§ SUPPLIED INFORMATION:
┌──

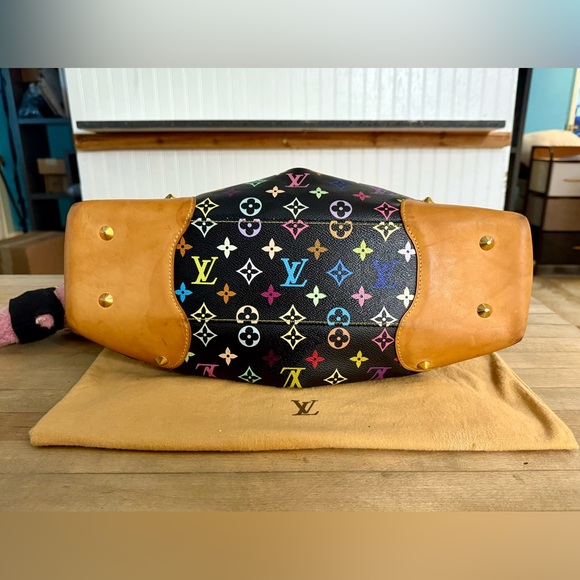 Louis Vuitton LV Black Murakami Judy Multicolored GM Satchel Bag - Picture 7 of 16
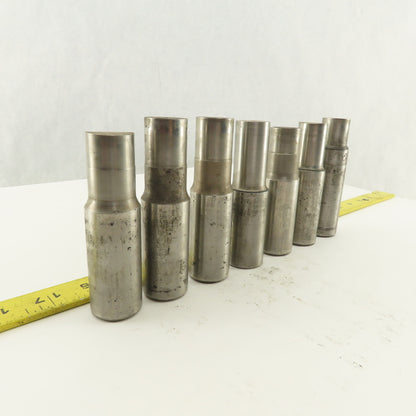 .875 Round Hole Punch CNC Turret For 1.0625 Holder Lot Of 7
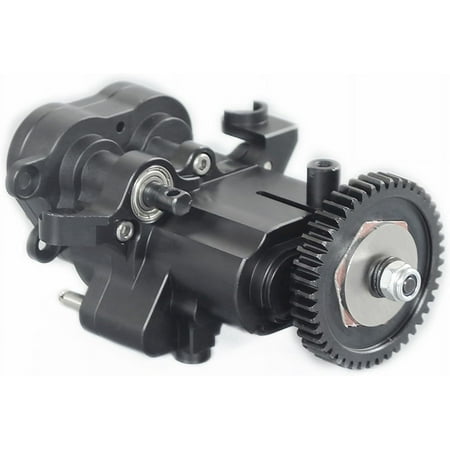 AMK 32P 2-Speed TRX4 Transmission Case Metal Transfer Gearbox for 1/10 RC Crawler TRX6 Upgrades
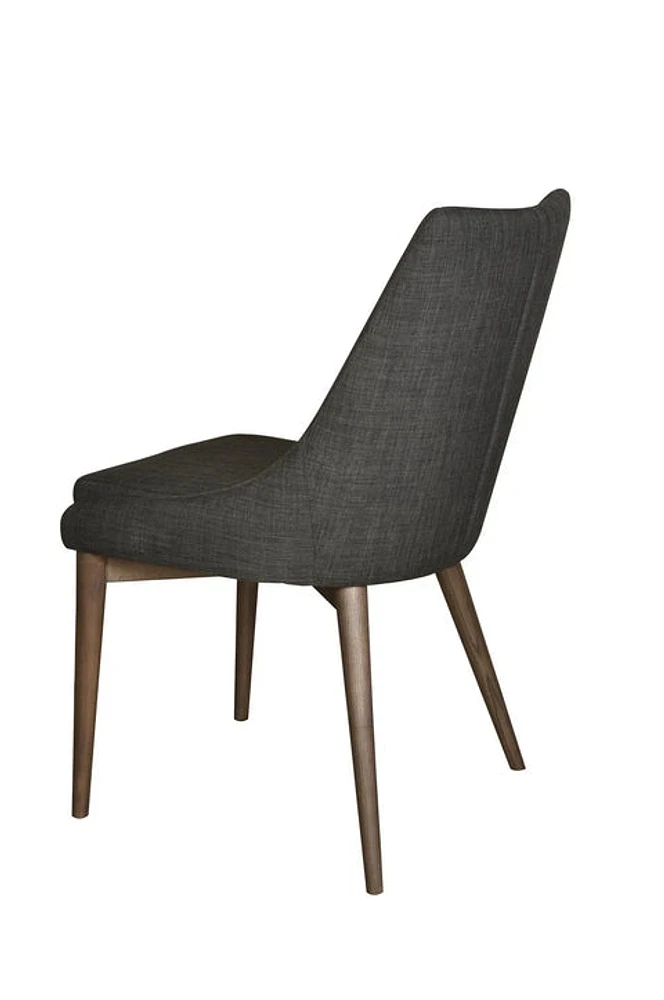 Fritz Side Dining Chair - Dark Grey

└──

§ DIRECTIONS:
Starting at the line that contains "Holder Lot Of 7", transcribe every line through the end of the listing exactly, including both end lines and excluding pictures.

§ YOUR SOLUTION:
 .875 Round Hole Punch CNC Turret For 1.0625 Holder Lot Of 7
 AMK 32P 2-Speed TRX4 Transmission Case Metal Transfer Gearbox for 1/10 RC Crawler TRX6 Upgrades
 Fritz Side Dining Chair - Dark Grey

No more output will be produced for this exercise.